国連子どもの権利委員会は昨年、「とくに気候変動に焦点を当てた子どもの権利と環境」と銘打った「一般的意見26号」を公表し、今現在環境破壊の被害を受けている子どもたちのみならず、将来に不安を感じる子どもたちにも寄り添った対策を各国に促しています。この国連の見解で特筆すべきことは、これまでになく世界中の子どもたちの意見を集め、さらには子どもによる委員会も組織されてできたということです。
気候危機に関して、子ども若者たちが声を上げ、世界を動かしています。一方、日本の子どもたちは漠然とした不安は感じているものの、自分たちで何かをしようという意識は諸外国に比べてひじょうに低いという調査結果があります。そういう社会をつくってきてしまった大人の責任もおおいに感じるところです。だからこそ、子ども目線から発想されたこの絵本を、多くの子どもたちに届けようというこの事業の成就を願わずにはおれません。
昨今は少子化や家族状況の変化などにより「墓終い」の相談を受けることが増え、何も遺したくないという傾向が強くなっています。それは仕方のないことですが、「この自然は7代先の子孫からの借り物」というネイティブアメリカン・ホピ族の教えを思い出しつつ、希望を持っていのちを引き継ぐこのプロジェクトのロマンをみなさんと分かち合いたいと思います。
大河内秀人(おおこうち・ひでひと)
浄土宗寿光院/見樹院住職。江戸川子どもおんぶず代表、認定NPO法人パレスチナ子どものキャンペーン(CCP)代表理事、公益財団法人庭野平和財団評議員、一般財団法人ありがとうインターナショナル理事、国際子ども権利センター(シーライツ)監事、原子力行政を問い直す宗教者の会世話人/事務局、ソーシャル・ジャスティス基金企画委員、江戸川区松江地区学童軟式野球連盟会長。
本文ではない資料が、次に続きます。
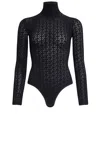 Alaïa Lace-knit High-neck Bodysuit In Noir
1957年東京生まれ。大学(法学部政治学科)を卒業して仏門に入った1980年にインドシナ難民募金を始めたことをきっかけに、後年、国際協力NGOの活動に参加。国内ボランティアとして母子保健、子ども支援、社会開発、平和構築等の活動に関わる。国連子どもの権利条約の批准、普及、検証の活動に参加し、地域で条約を生かすことを目的に地域の仲間と「江戸川子どもおんぶず」を設立。国際協力活動の経験から地域住民による活動の重要性を痛感し、寺院を基盤にしたコミュニティやNGOとの連携により、持続可能な社会のシステムづくりをめざしている。
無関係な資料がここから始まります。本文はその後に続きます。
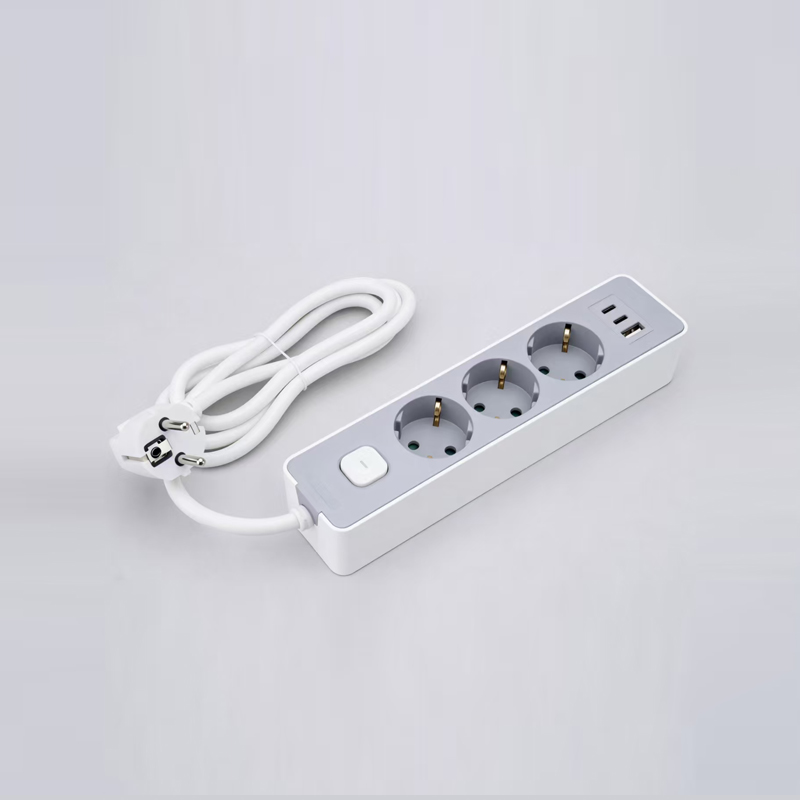 LOB-03K-AC Regleta tipo alemán de 3 tomas con interruptor, cargador rápido PD, 1 puerto USB-A y 2 tipo C Multi-Socket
共編著訳書として、『市民活動のはじめの一歩~一人ひとりが子どもの権利の支え手として』(エイデル研究所)、『絵本の中の素敵な大人たち』(江戸川子どもおんぶず)、『民主主義をつくるお金-ソーシャル・ジャスティス基金の挑戦』(ハンズオン!埼玉出版部)、『天然住宅から世界を変える30の方法』(合同出版)、『なぜ寺院は公益性を問われるのか』(白馬社)、『戦争をしなくてすむ世界をつくるための30の方法』(合同出版)、『世界は変えられる-TUPが伝えるイラク戦争の真実と非戦』(七つ森書館)、『No War! 立ちあがった世界市民の記録』(岩波書店)、『ECOエコ省エネゲーム』(合同出版)、『検証・子どもの権利条約』(日本評論社)、『小規模社会開発プロジェクト評価』(国際開発ジャーナル社)などがある。